This is particularly striking when commenting about business metrics and how
they are generated. Not understanding the query and what it doesn't say often
leads to misunderstanding.

In a certain sense, while you may be conditioned to care more about the
result, I care more about the art and craft, because that defines the result
and the backpropagation of information into the tools.

Let me explain more: Slack defines an experience. That is the tool. The result
is consequential of the tool. Change the tool, change the result. One compiler
produces _one_ output, another produces a _different_ output, more readable.
Change the tool, change the result. The locus of interest and control is the
tool - although the zoomed out reality is the result is the relevant bit to
the user, mostly.

Joel talks about leaky abstractions: tools are abstractions; understanding the
tool takes the cover off and lets you create new abstractions and understand
without leaks. Understanding tools gives you the ability to recombine and
build the new tools - one begins to realize the independent variable is the
tool.

And again - lack of understanding produces embarrassment and inability to
properly use the tool - understanding gives lucid and clear capability.

With respect to your remark about pasta: I would, frankly, be happier to make
my own pasta if I had the time. Same goes for the other food I eat.

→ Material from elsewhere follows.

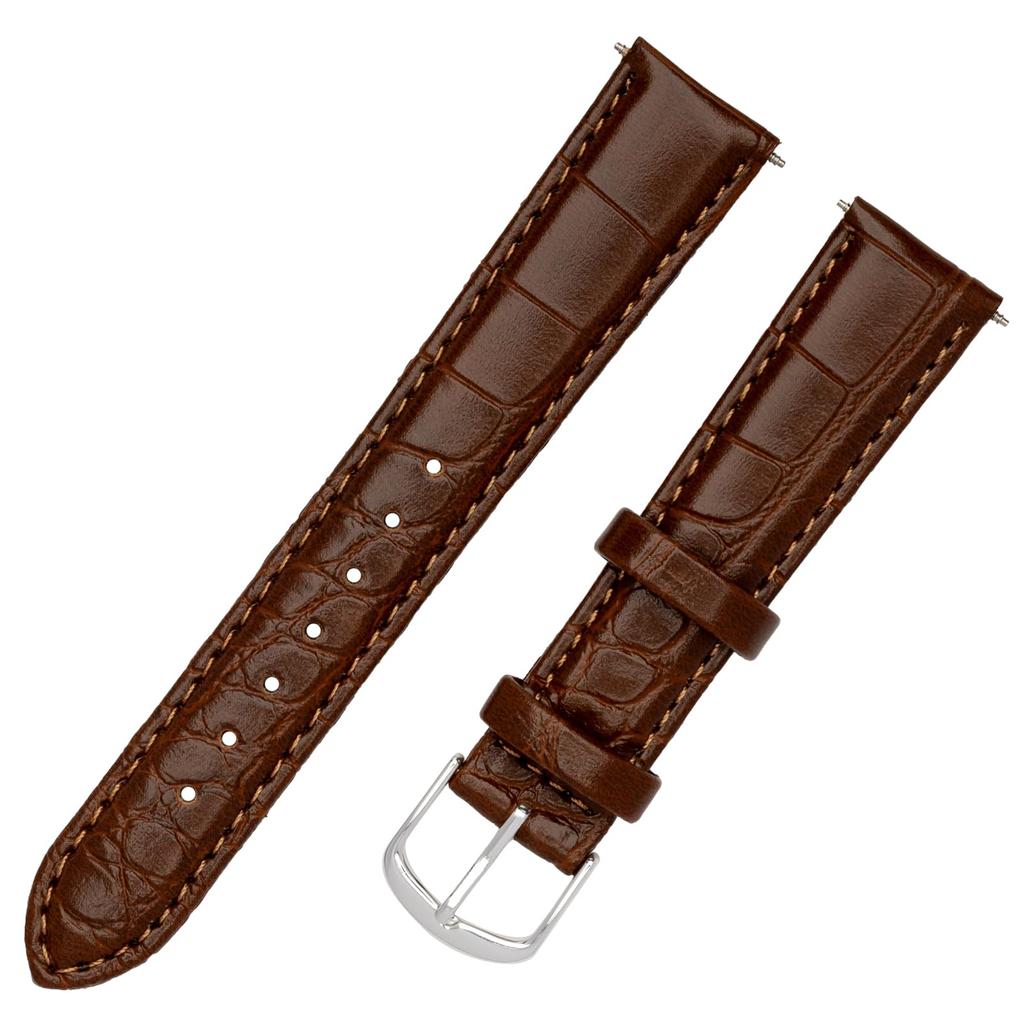 [Clefer] Watch Strap 12mm Leather Synthetic Leather Embossed Crocodile Strap Easy to Use Tool Included Brown L-11 BL-PE031-12 PU Leather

I paint for a hobby; I have paintmaking supplies and will, in time, as I use
up my tubes, transition over to making the paint that I paint with. I am
learning how to make brushes. I often prepare the wood for painting upon. In
time I will prepare canvases and likely I will learn the process of pressing
and refining flaxseed into linseed oil.

Time and experience have persuaded me not to talk about the tools and so forth
to the non-nerd crowd such as, e.g., The Business, because it's not considered
useful to them.

Hope that helps.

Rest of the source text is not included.